Experimental and numerical study on cable breakage equivalent force in cable-stayed structures consisting of low-relaxation seven-wire steel strands

Abstract

Investigation of a global structural dynamics model of a cable-stayed structure subjected to the cable breakage event requires the determination of the Cable Breakage Equivalent Force with respect to time [CBEF(t)]. The CBEF(t) is an applied axial force to the structure from the stay cable considered to break which is reduced from before the breakage to after the breakage. In this study, a generic CBEF(t) in cable-stayed structures consisting of low-relaxation seven-wire steel strands is obtained experimentally and numerically. The generic CBEF(t) can be introduced in a global structural dynamics model of a cable-stayed structure directly, without the need of a very detailed and costly model for the cable breakage. An experimental program was performed as representative of a stay cable, for which three different lengths of the 3/8-inch strand were tested.
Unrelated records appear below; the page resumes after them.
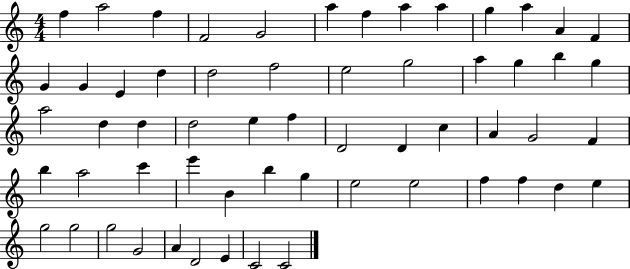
{
  \clef treble
  \numericTimeSignature
  \time 4/4
  \key c \major
  f''4 a''2 f''4 | f'2 g'2 | a''4 f''4 a''4 a''4 | g''4 a''4 a'4 f'4 | \break g'4 g'4 e'4 d''4 | d''2 f''2 | e''2 g''2 | a''4 g''4 b''4 g''4 | \break a''2 d''4 d''4 | d''2 e''4 f''4 | d'2 d'4 c''4 | a'4 g'2 f'4 | \break b''4 a''2 c'''4 | e'''4 b'4 b''4 g''4 | e''2 e''2 | f''4 f''4 d''4 e''4 | \break g''2 g''2 | g''2 g'2 | a'4 d'2 e'4 | c'2 c'2 | \break \bar "|."
}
A full 3D finite element (FE) model was also developed in ABAQUS/Explicit in which, by a predefined imperfection, the breakage location corresponding to the experimental observation was assigned to the FE models of the 3/8-inch and 0.6-inch strands. The results reveal that the CBEF(t) is determined in two time intervals: a tensile rectangular force in the first and a compressive force in the second. Moreover, the breakage location affects the CBEF(t), while the CBEF(t) is independent of the total length of the unbroken strand, lubricating, and the interaction between the broken cable and the damaged cable-stayed structure. The comparison between wires shows that the main part of the CBEF(t) is related to a center wire. In the last part of this paper, a simplified and generic CBEF(t) is proposed which can be used for global dynamics models of all cable-stayed structures with 3/8-inch and 0.6-inch strands.